BLACKMORE'S CASTLE
A TRIBUTE TO DEEP PURPLE & RAINBOW




BLACKMORE'S CASTLE • Volume I (Lion Music LMC079)


Every self-respecting cover band has a song from Deep Purple on the reportoire to turn the venue upside down. Fortunately, most of the people did not dare to venture into "Child in Time", but "Smoke on the Water" was played almost so often that it almost became annoying. Playing such songs live is still possible, but recording them in the studio is a different story!

This is partly also apparent on Blackmore's Castle - A Tribute to Deep Purple / Rainbow. A band that thinks they can replace the very tight and almost always unadorned Ian Paice by something that tends towards drums from a box has not really understood it. The performances of "Lazy" and "Highway Star" suffers too much from that, despite the well-groomed guitar playing of Jason Richardson in the first and the nice performance of Winterlong.
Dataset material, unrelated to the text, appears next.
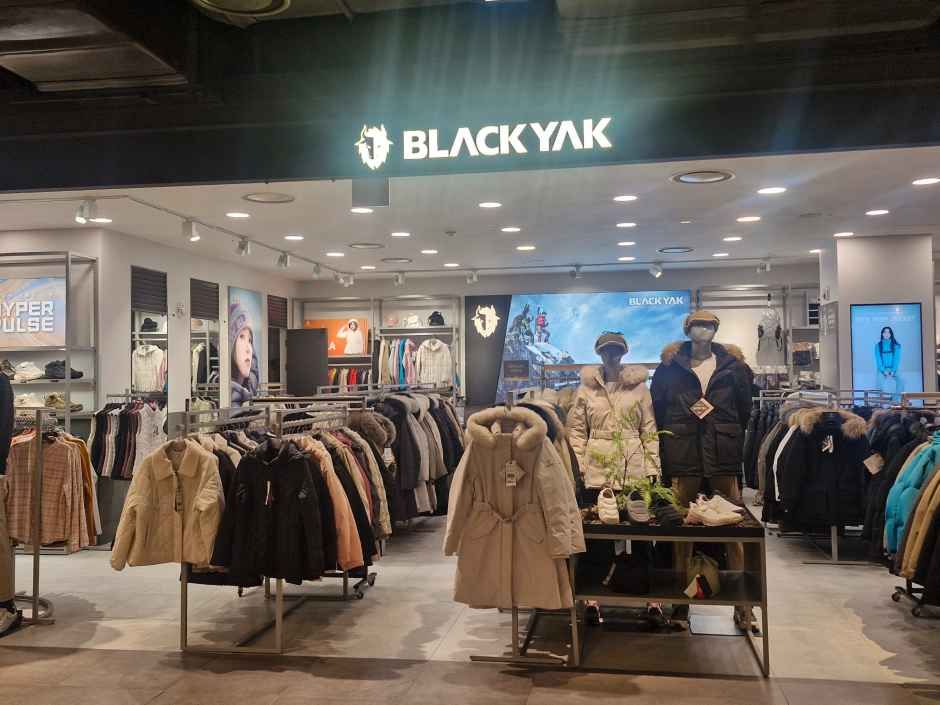 블랙야크 현대프리미엄아울렛 김포점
Funny to note that a daring performance of Rainbow's "Man on the Silver Mountain" does not lead to this. Allright, on Ritchie Blackmore's Rainbow it was not Paice behind the drum kit, but Gary Driscoll. Apparently that makes a difference, right? It is also a bit confusing to hear the Dutch Arabesque do "Stargazer". After all, there is a woman behind the microphone and that is different from Ronnie James Dio! Confusing, but interesting. Fortunately, it is not mainly songs that are indiscriminate copies of the performances of Deep Purple and Rainbow and that makes this Tribute perfectly listenable. Nobody wants an exact copy, right? That's what Best Of... albums are for.

File Under: Nice tribute

Storm, File Under - January 14, 2004









BLACKMORE'S CASTLE • Volume II (Lion Music LMC121)


I always view cover- and tribute albums with the necessary skepticism. It is often an easy and especially cheap vehicle to generate some attention. At Lion Music they also readily admit that it is an instrument to put bands in the spotlight in their stable.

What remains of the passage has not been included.